What the task asks:
All of the data that follows should be given again exactly, without its images.

Image-caption web data:
··········

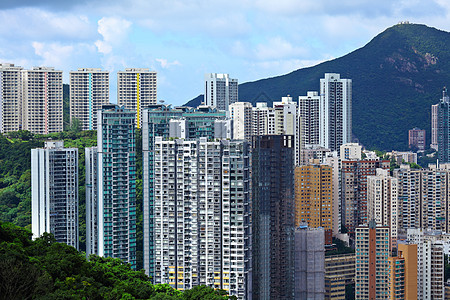 香港商业办公室天空建筑地标海洋公园顶峰建筑学公司图片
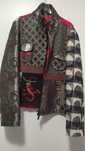 Blazers desigual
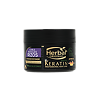 Herbal Originals Keratin Маска интенсивная фито-кератин для вьющихся волос Восстановление и питание 300 мл 1 шт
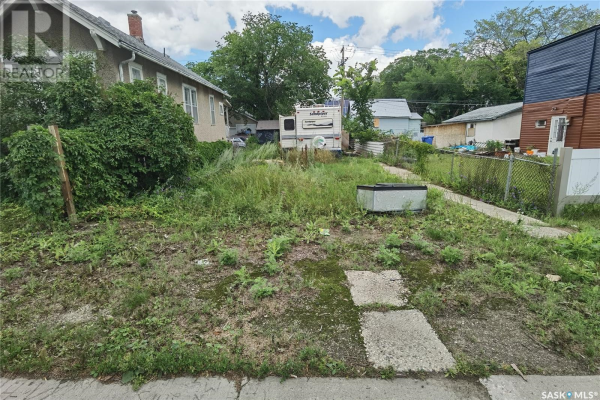 1108 Victoria AVENUE, Regina
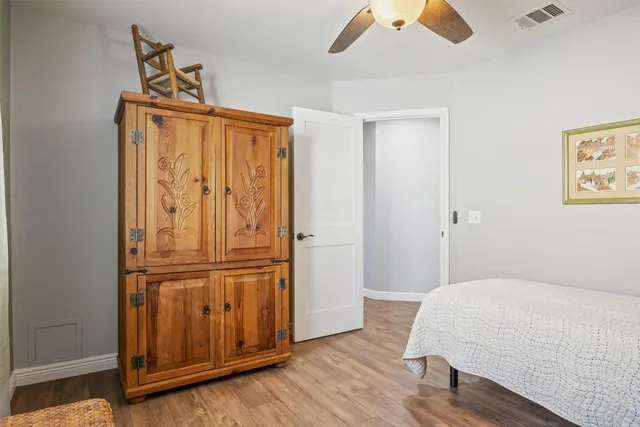 $2,700 | 20826 Morgans Choice Lane, Pflugerville, TX 78660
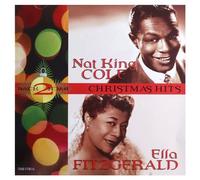 Cole - Merry Christmas from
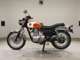 Фото Kawasaki ESTRELLA RS 2024 с японского аукциона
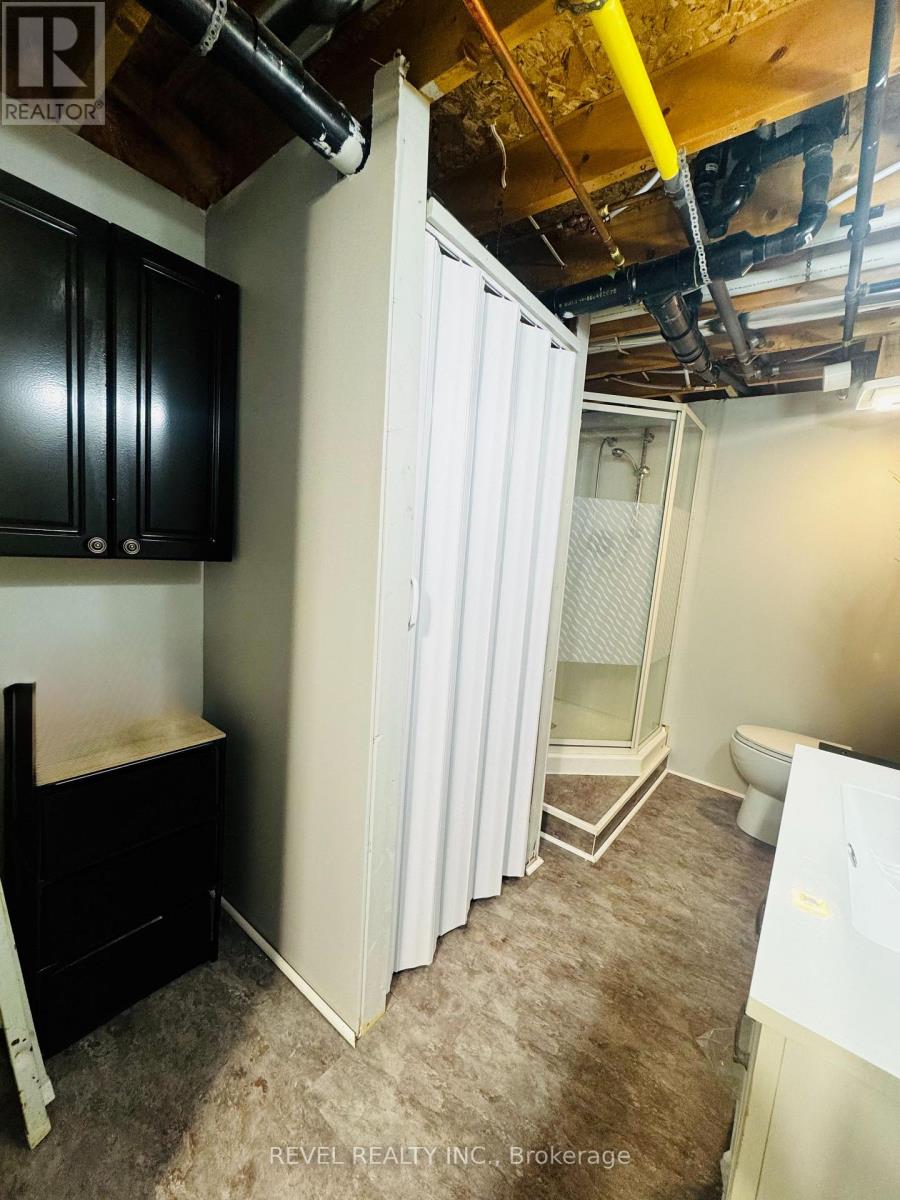 27 Arthur Street, Sudbury Remote Area, Ontario  P0M 1W0 - Photo 25 - X12793968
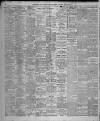 Surrey Advertiser Saturday 12 March 1921 Page 4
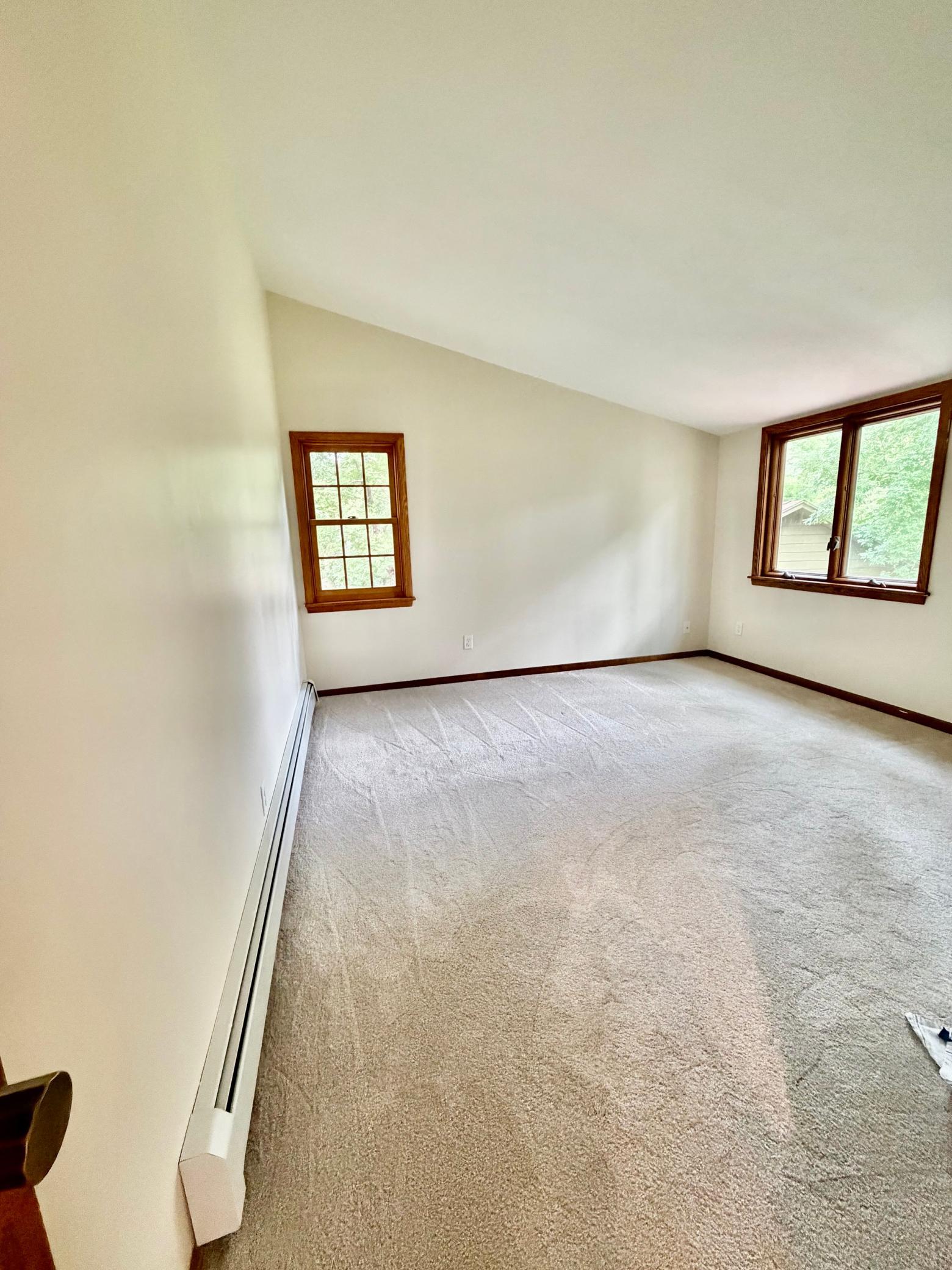 View of Residential at 6448 Glenwood Avenue, Golden Valley MN 55427, Golden Valley (20 of 39) - Mike Wilen | Minnesota Team Real Estate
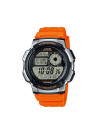 Montre homme casio collection - AE-1000W-4BVEF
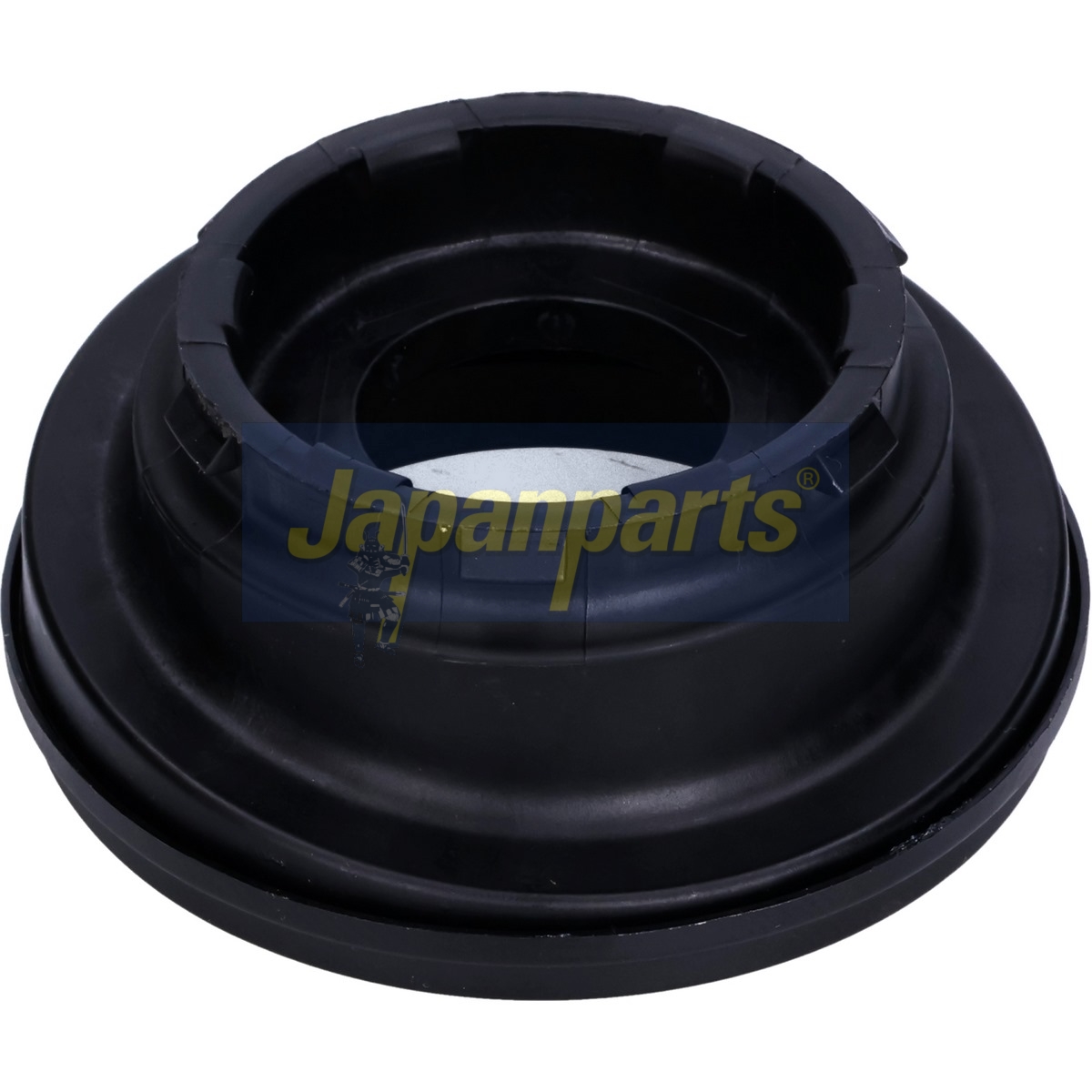 Cuscinetto volvente, supporto ammortizz. a molla JAPANPARTS SM0001C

··········

Answer for this exercise:
 香港商业办公室天空建筑地标海洋公园顶峰建筑学公司图片
 Blazers desigual
 Herbal Originals Keratin Маска интенсивная фито-кератин для вьющихся волос Восстановление и питание 300 мл 1 шт
 1108 Victoria AVENUE, Regina
 $2,700 | 20826 Morgans Choice Lane, Pflugerville, TX 78660
 Cole - Merry Christmas from
 Фото Kawasaki ESTRELLA RS 2024 с японского аукциона
 27 Arthur Street, Sudbury Remote Area, Ontario  P0M 1W0 - Photo 25 - X12793968
 Surrey Advertiser Saturday 12 March 1921 Page 4
 View of Residential at 6448 Glenwood Avenue, Golden Valley MN 55427, Golden Valley (20 of 39) - Mike Wilen | Minnesota Team Real Estate
 Montre homme casio collection - AE-1000W-4BVEF
 Cuscinetto volvente, supporto ammortizz. a molla JAPANPARTS SM0001C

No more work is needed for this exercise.